Great company. Been buying stuff from them for years w/o any issues. Customer service is great too with RMAs and replacements the few times I needed them. Products are of good quality and pricing is the best around. Just wish they expand and get even more and higher end stuff.

Kenobi


----------



## gfrancis0 (Nov 16, 2009)

They do have great prices and also a way to get even BETTER prices from them. Check their ebay store, they carry a lot of the same stuff that they have on their web site at CHEAPER prices. Also check MCM Electronics, especially their clearance items, some of that stuff they practically give away. I bought the last three 10 meter Toslink optical audio cables they had when they cleared them out at $3.59 each, retail price probably at least $100 each. I've never had a problem with any orders from either Monoprice or MCM.


----------



## husker43 (Jan 1, 2010)

Monoprice premium cables are by far the best quality rca cables i have ever known.


----------



## bambino (Feb 21, 2010)

I'm fixin to order some cables from them can't wait to see the quality of them when they come, they look like good stuff from the pic on the site.:T


----------



## MixxMaster (Jun 25, 2008)

so far, they are the only place I go to when I need any cables/speaker mounts. They always have the best prices and a great selection.


----------



## bambino (Feb 21, 2010)

Yeah the prices are unbeatable.


----------



## trockblay (Dec 28, 2009)

I am a other a+++ satisfied customer of monoprice,bought more than 20 hdmi cable for myself,friends,family ......for good quality at low price,you can go wrong,next step will try the speakers from them


----------



## fitzwaddle (Aug 25, 2010)

Yup, great place, and great prices. They will have an "oops" sneak by once in a while, but not often - for example, bought a 7.2 wall plate from them, one of the screw on connectors on the back wasn't threaded properly, so wouldn't seat - I didn't feel like hassling for a replacement, so I just jury rigged it (jammed some extra wire in there to get it tight.


----------



## rambo64 (Aug 2, 2010)

Great company! Everything I have ordered from them has been absolutely excellent. Their customer service reps are very helpful as well. Would recommend to anyone as the 1st choice for wiring needs.


----------



## jjmbxkb (Jun 1, 2010)

Monoprice is the first place I go for cables, wires, wall plates, or any other accessories. Only when they don't have the items do I go to other places. In addition to everything else mentined, their business seems to be driven by a set of well designed, and well executed computer inventory/order processing/customer service system. It's very easy to locate products, all of which with accurate description and matching pictures. You can do returns online, and they send you reminder emails on returns before expiration.
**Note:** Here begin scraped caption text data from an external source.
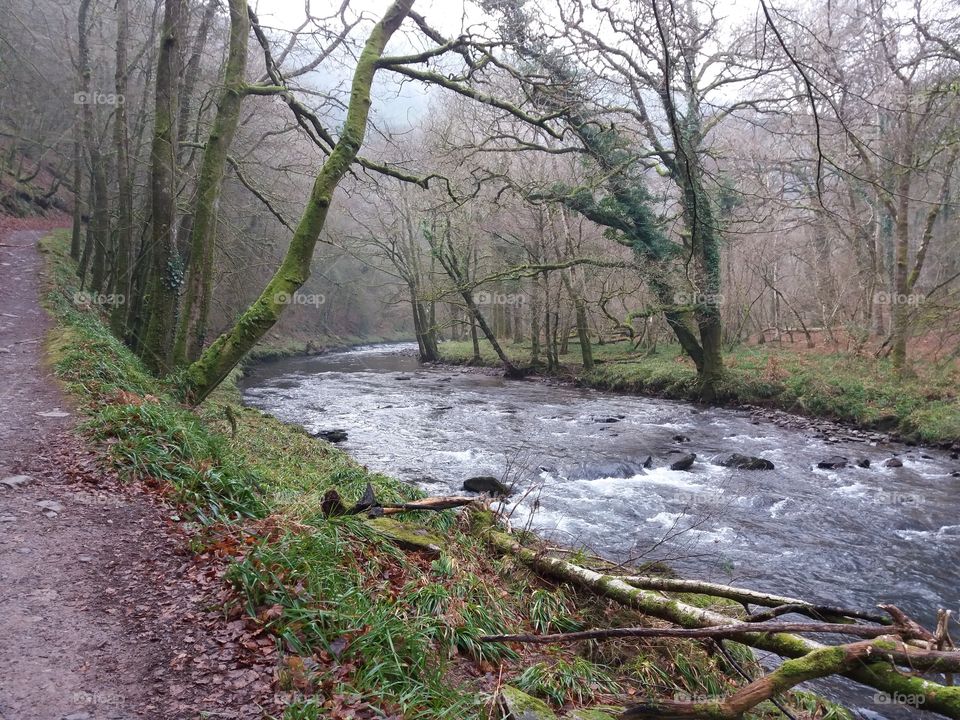 river Barle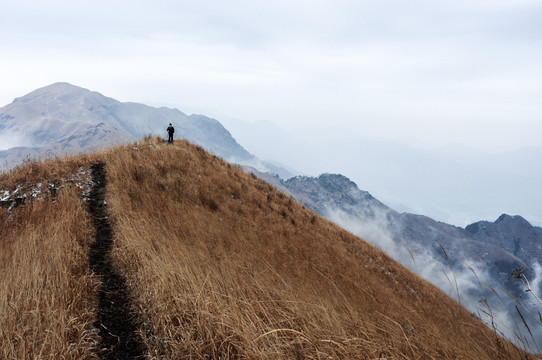 高山云雾枯草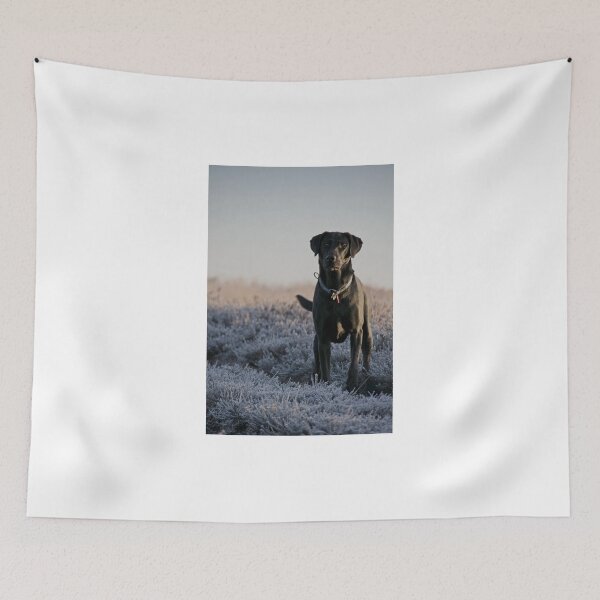 Item preview, Out Of The Blue designed and sold by Jennifer Bradford.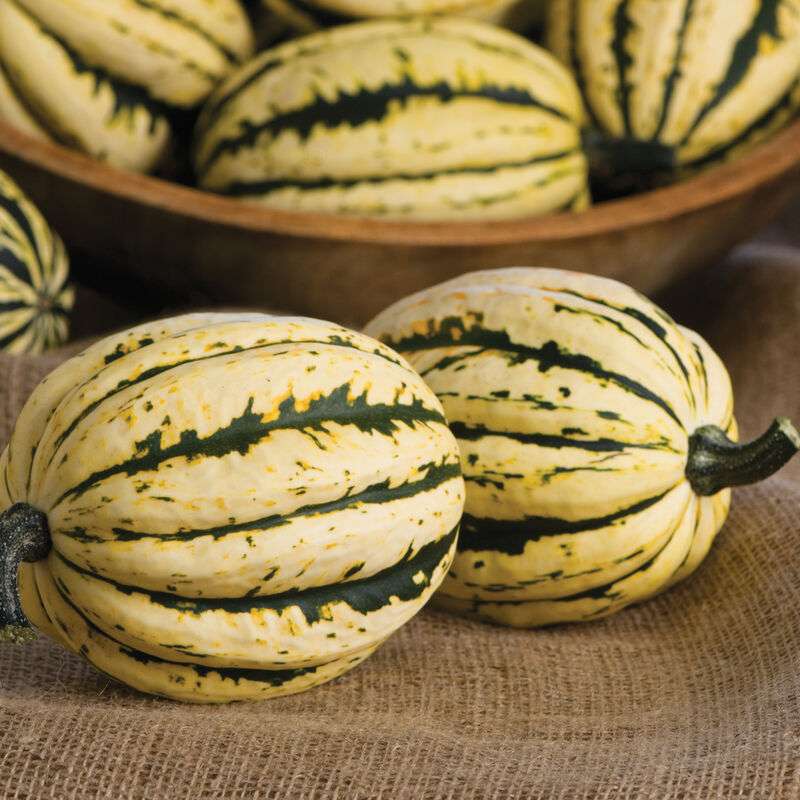Jester (F1) Delicata Squash Seed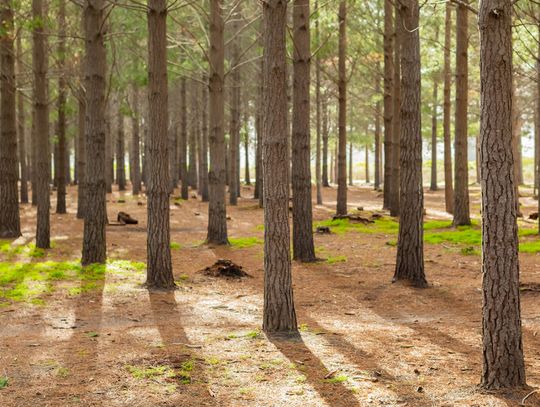 W Europie nasila się zjawisko zamierania lasów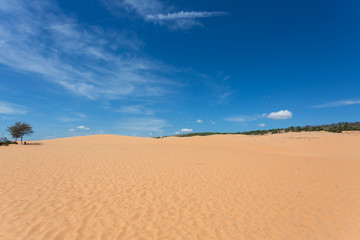 red sand dune desert in Mui Ne, Vietnam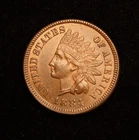 1884 Indian Head Cent  MS++++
Even with the security breach, I still go to them.


----------



## phreak (Aug 16, 2010)

I've been happy with everything I've gotten from Monoprice... now I'm looking at their 8" in ceiling speakers for rears and thinking "these won't match too great with the Paradigm system I'm putting in next month, but if I put them in with boxes during construction, I can upgade them in a couple years with no hassle."


----------



## jabrode (Feb 6, 2010)

another happy customer here. I get all my cables, banana plugs, speaker wire, wall plates and TV mounts from them.


----------



## phreak (Aug 16, 2010)

OK, I ordered late on Sunday, received order confirmation on Monday saying it would ship out of the California warehouse on Tuesday, and I received the package in Edmonton on Wed. Thes guys are super fast. First impression of the 8" ceiling mount speaker was very solid construction, looks and feels as good as units 3x the price. I hooked up temp to an old Yamaha receiver and thought they sounded "tinny" and very bright, especially in the high mids, with no bass at all. Boosted the bass a lot, cut the treble some, and they sounded listenable. Not bad for sitting on concrete. Get them mounted in boxes and apply Audessy Eq, and I am expecting to be very happy. For about $85-90 shipped to my Canadian door.
_Posted via Mobile Device_


----------



## Poppachock (Aug 19, 2010)

Yep, another thumbs up for Monoprice. Good quality stuff, good prices and fast shipping. :T


----------



## caper26 (Sep 10, 2010)

Bought all of my gear from them except my TV wall mount...shipping was too high, so I googled the model and found a Canadian outlet for it (onlybestrated). It cost more but shipping was WAY less and no customs/taxes, so in the end it was quite a bit cheaper. The funny thing is this: It was a MONOPRICE box !! All my speaker wire, HDMI, in-wall rated stuff, Wii charger, audio cables, etc, etc are all from there. I put my friend onto them and he bought their in ceiling 8" speakers. Great company.


----------



## salvasol (Oct 31, 2006)

Good to read that you're happy customers :T

I'm too... but I can get my order really fast (maybe the same day, order in the morning and get it in the afternoon). I think it pays to live just 15 minutes from their warehouse


----------



## caper26 (Sep 10, 2010)

you suck!!!


----------



## salvasol (Oct 31, 2006)

caper26 said:


> you suck!!!


:foottap: :flex: addle: :boxer: :neener: :rofl: :devil: :thankyou:


----------



## caper26 (Sep 10, 2010)

I am jeeeeeealous! Taking advantage of those awesome prices withOUT the shipping...sweet!


----------



## benbboy (Aug 29, 2010)

Been real happy with monoprice so far. Got some cheap 14 gauge speaker cable from them which has worked as expected. Just put in an order for banana plugs at 97 cents a pair. Shipping was 2 bucks or something...hard to beat those prices.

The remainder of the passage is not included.